Beatrice or Iseult? The debate about romantic love
Anglican Theological Review, Fall 1997 by Thomas, Owen C
OWEN C. THOMAS*
Several years ago my wife and I were on leave in Rome doing some writing and teaching. Through a friend we joined a group of four Roman Catholic priests who met weekly to study various historical texts. The first one was the Vita Nuova of Dante, a text which I had never read before. Its subject matter was entirely new to me, namely, the experience of romantic love as an experience of God. My neo-orthodox theological education in the late forties had not left me open to this possibility. The study of Denis de Rougemont's Love in the Western World had confirmed my uneasiness about such an idea. But since the meetings in Rome, I have often wondered about it. More recently some research on romanticism has led me to the writings of Charles Williams on the theology of romantic love which focuses on Dante's Vita Nouva as well as the Commedia. The contrast between Williams and de Rougemont intrigued me-thus this essay.
In the thirties and forties of this century there arose a largely silent debate about the meaning and significance for human life of romantic love.

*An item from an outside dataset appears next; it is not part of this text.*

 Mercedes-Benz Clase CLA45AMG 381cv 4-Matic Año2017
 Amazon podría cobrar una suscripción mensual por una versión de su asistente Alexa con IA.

On the one hand, Charles Williams (1886-1945), the English poet, novelist, literary critic, and theologian, proposed an orthodox Christian theology of romantic love. Following Dante he saw it as an experience of grace and salvation.l On the other hand, Denis de Rougemont (1906-1985), the Swiss historian, literary critic, and theologian, proposed an interpretation of what he called the myth of romantic love which had its origin in heretical Catharist sources. This myth interpreted the experience of the passion of romantic love as one which promised the exaltation and destruction of the lovers.2 As far as I know, neither Williams nor de Rougemont knew of the work of the other, with a single exception to which I will refer later.
The theses of Williams and de Rougemont on romantic love appear to be quite contradictory. They refer to much of the same historical and literary material and come to what seem to be exactly opposite conclusions. Let us consider their theses.

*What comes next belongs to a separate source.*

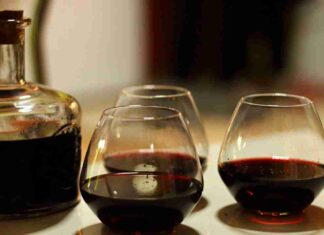 Liquore al cioccolato fatto in casa - RicettaSprint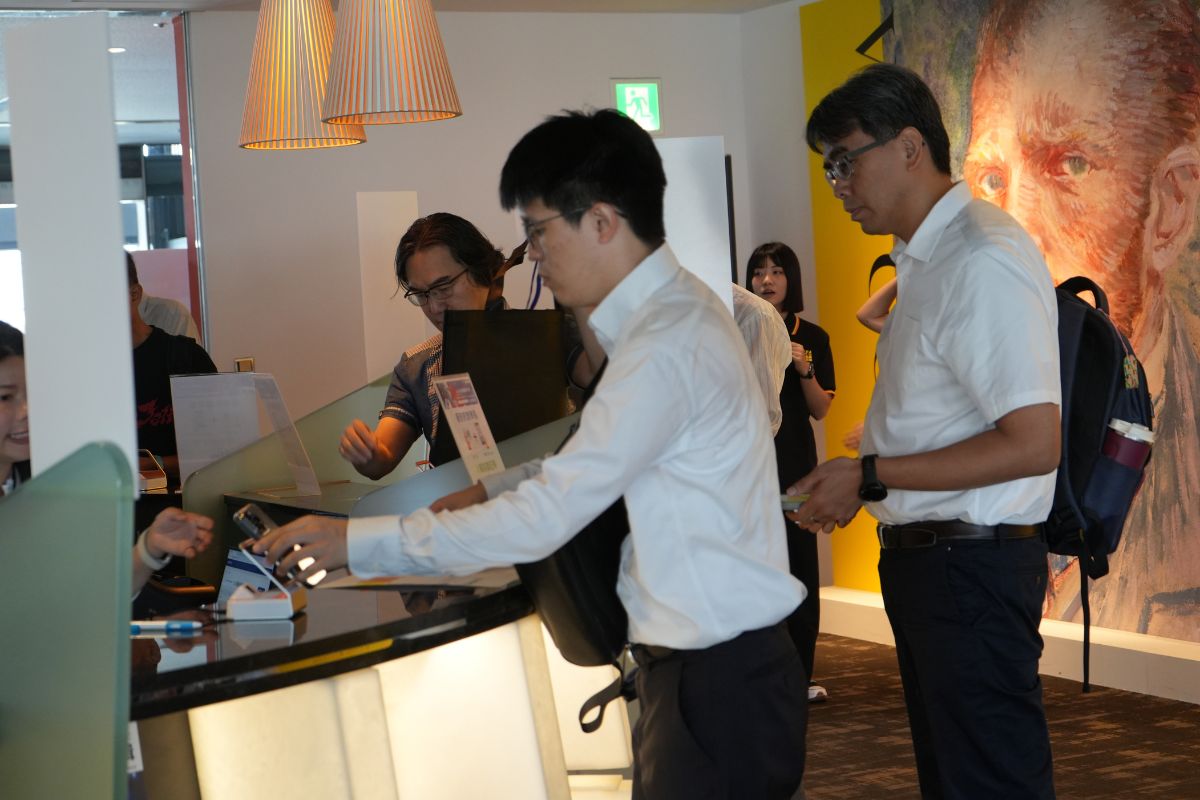 現場工作人員協助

According to de Rougemont, in the twelfth century a Christian heresy known as Catharism arose in southern France which involved a dualism of body and soul. The divine soul has been tempted by the Woman and is imprisoned in the body. It longs to be delivered from the body so that it can be reunited with the divine. This longing is directed at an ideal woman named Maria, the mother of a docetic Jesus who teaches an ascetic way of deliverance from the body. This deliverance occurs finally in death. So the passionate longing of the soul for deliverance is essentially a longing for death. Thus, Catharism transformed natural sexual desire into passion, limitless aspiration and longing.
Catharism was persecuted by the Inquisition, went underground, and appeared again in the guise of courtly love. This was expounded in the poems and songs of the troubadours who were its evangelists. The fundamental myth of courtly love is the story of Tristan and Iseult. This is the legend of the passionate adulterous love of these two which was inflamed by numerous obstacles, the main one being that Iseult was married to King Mark. The message of the myth is that passionate romantic love is the true human fulfillment which exalts and transforms the lovers through death. De Rougemont interprets this myth to be in direct contradiction to the Christian understanding of love as Agape.

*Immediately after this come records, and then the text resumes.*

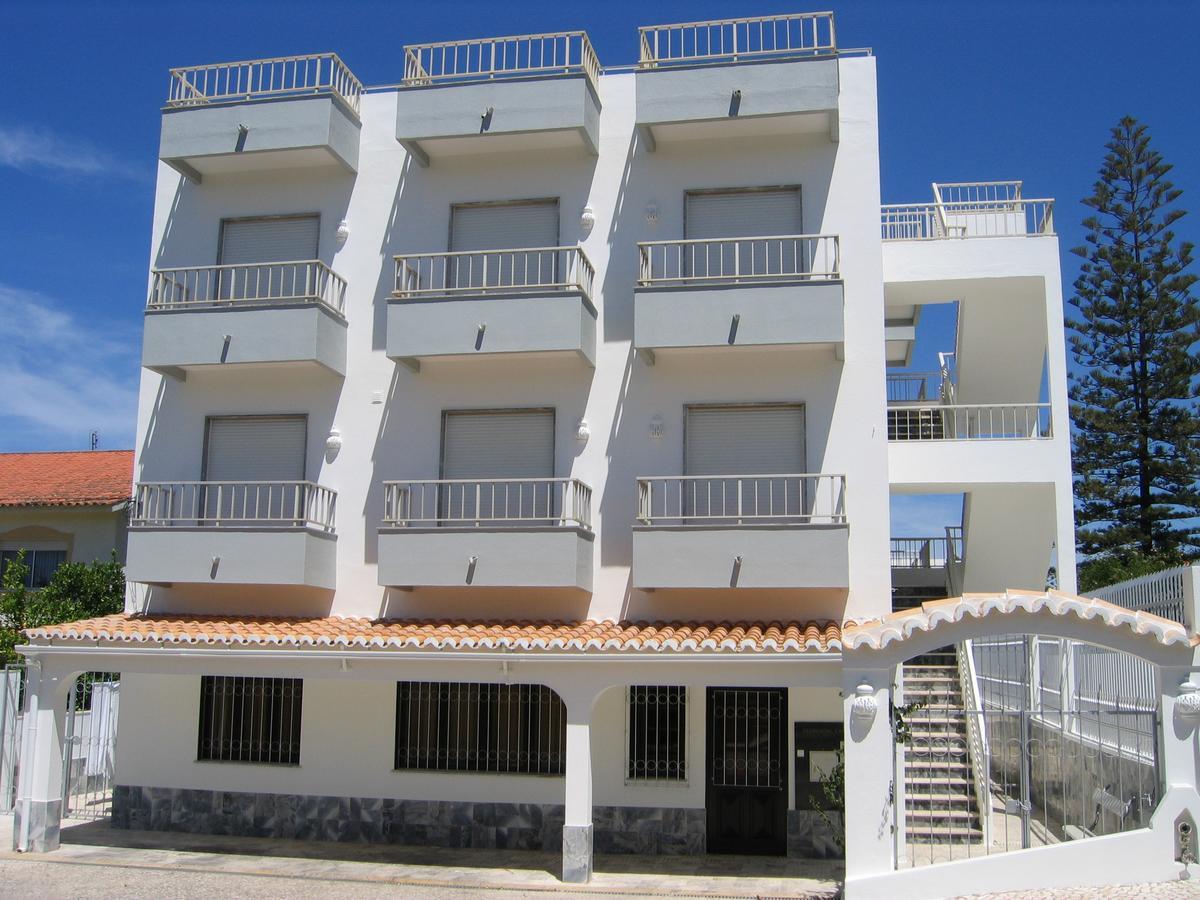 Residencial Campo-Mar By Umbral Hotel Портиман Екстериор снимка A typical apartment building in the Algarve, Portugal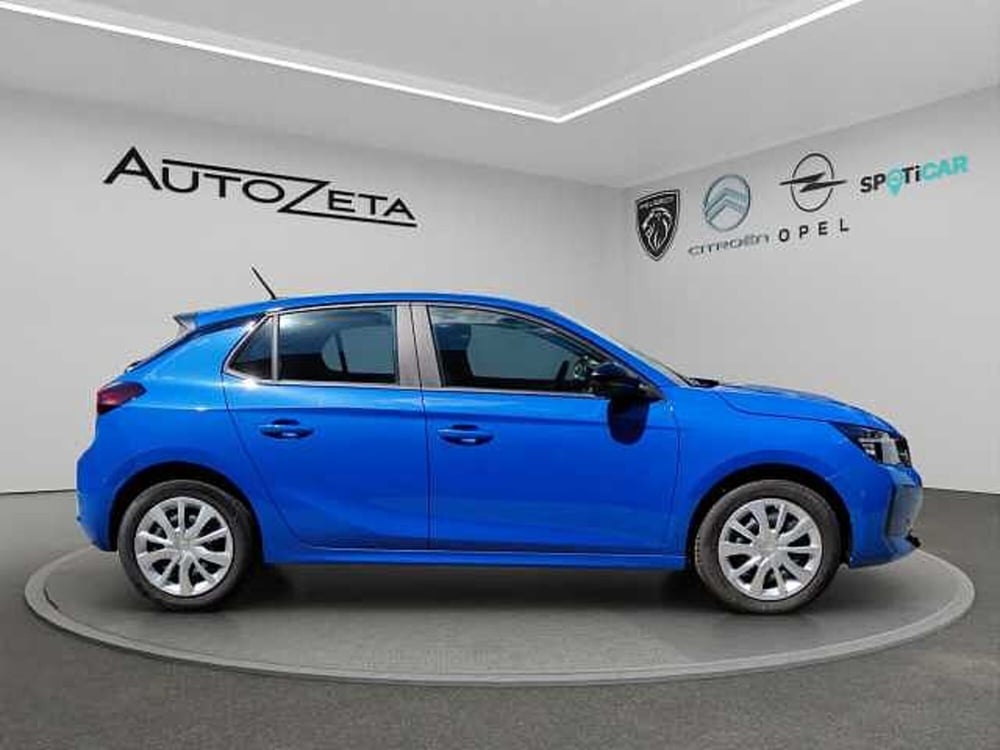 Opel Corsa nuova a Vibo Valentia (4)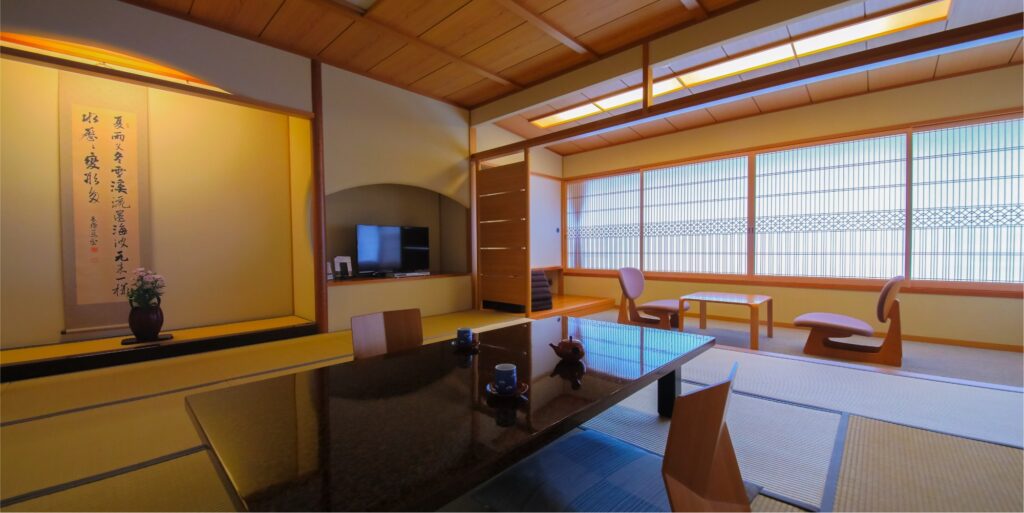 熱海温泉 古屋旅館 — 静岡・熱海市東海岸町 · 全26室、夕食は基本的に部屋食の老舗旅館の和室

According to Williams the modern view of romantic love had its source in Dante's experience of falling in love with Beatrice and his interpretation of this as an experience of grace and salvation. "He is the spring of all modern love literature."3 Williams claims that the common experience of falling in love can be an experience of the unfallen state of original perfection, of the kingdom of God, and especially an experience of the love and grace of God incarnate in Christ, an experience of salvation. It depends upon what is done with the experience. If it is not seen as an end in itself but rather a beginning, it can be a following of the Christian way, especially in marriage.
Williams gives the larger context for his theology of romantic love. "It has been part of the work of Christianity in the world to make men aware of the spiritual significance of certain natural experiences.... [But this] has been attempted very little with romantic love. Yet an human energy which can be so described is capable of being assumed into sacramental and transcendental heights-such is the teaching of the Incarnation."4 The lack of such an attempt in regard to romantic love in the past has been due to apocalypticism, the concentration upon another world, suspicion of any sacrament involving human delight, the haunting of Manicheanism, the asceticism necessary for the mystical life, and clerical celibacy.5
The beginning of romantic love was Beatrice's appearance to Dante and his response. "A flame of caritas possessed me, which made me pardon anyone who had offended me."6 Williams comments, "The experience . . arouses a sense of intense significance, a sense that an explanation of the whole universe is being offered."7 This requires a response of intellect, will, and emotions. "Is it serious? Is it capable of intellectual treatment? Is it capable of belief, labor, fruition? Is it (in some sense or other) true? . . . Can this state of things be treated as the first matter of a great experiment? . . . The end of course is known by definition of the kingdom: it is the establishment of a state of caritas, of pure love, the mode of expression of one moment into eternity."8 This is the Way of Romantic Love.